We are doing a New Years card this year instead of a more Christmas-ey holiday card. I am still editing the main photos but I thought this picture I snapped of Kerri was too cute not to share!


----------



## Dorothy's Mom (Apr 8, 2015)

That is a ridiculously good picture! I love the colours and how they play off of Kerri's coat.


----------



## SinisterKisses (Sep 20, 2015)

Great photo, love the purple  Kerri's colours are so pretty.


----------



## coco_little_bear (May 30, 2012)

Aww that's a very cute picture.


----------



## jan896 (Dec 9, 2009)

very nice picture and will make an AWESOME card!! thanks for sharing


----------



## Photobuff42 (Mar 3, 2014)

Kerri is beautiful!


----------



## LittleBeverly2015 (Jan 26, 2015)

This is a beautiful photo! It could win contests, for sure!


----------



## doginthedesert (Oct 10, 2011)

Thanks everybody!
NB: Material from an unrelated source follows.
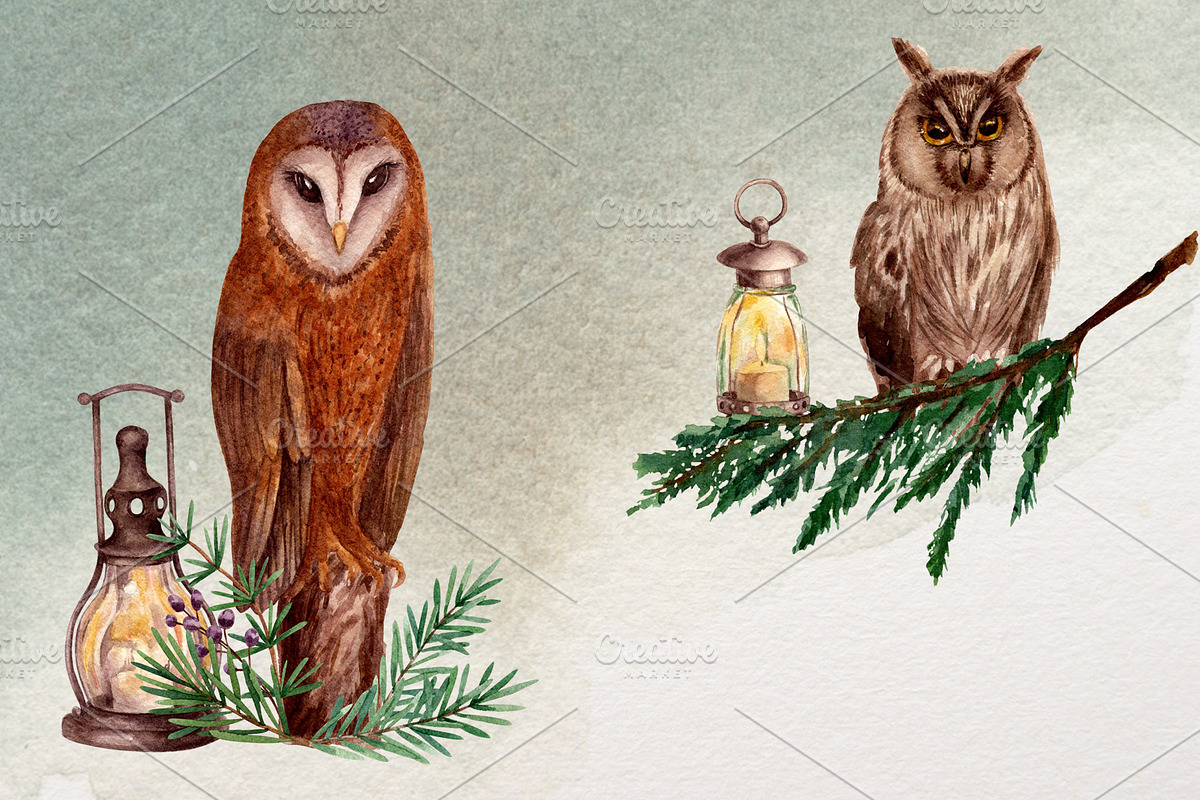 Owls and lanterns.Watercolor clipart, a Decorative Illustration by a_ptichkina (Photo 6 of 7)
Kerri is so photogenic, I just love when she cooperates with photos she always looks so elegant!


----------



## elaina (Jul 1, 2008)

Great pic !!! I love the purple beads Kerri is wearing and I love the big purple bow on the Champagne bottle and love the silver stuff ( forgot what you call that ) around Kerri. She is super cute


----------



## doginthedesert (Oct 10, 2011)

elaina said:


> Great pic !!! I love the purple beads Kerri is wearing and I love the big purple bow on the Champagne bottle and love the silver stuff ( forgot what you call that ) around Kerri. She is super cute


Thanks! We were just talking about what to call that silver stuff today- I have called it garland forever but my husband insists there is some other name for it. I never know if I am actually wrong or it is just a British thing. He has lived in this country for a long time, but some stuff that he only ever did with his family (like holidays) we end up having totally different terms for!


----------



## Huly (Mar 5, 2012)

Adorable! Love it


----------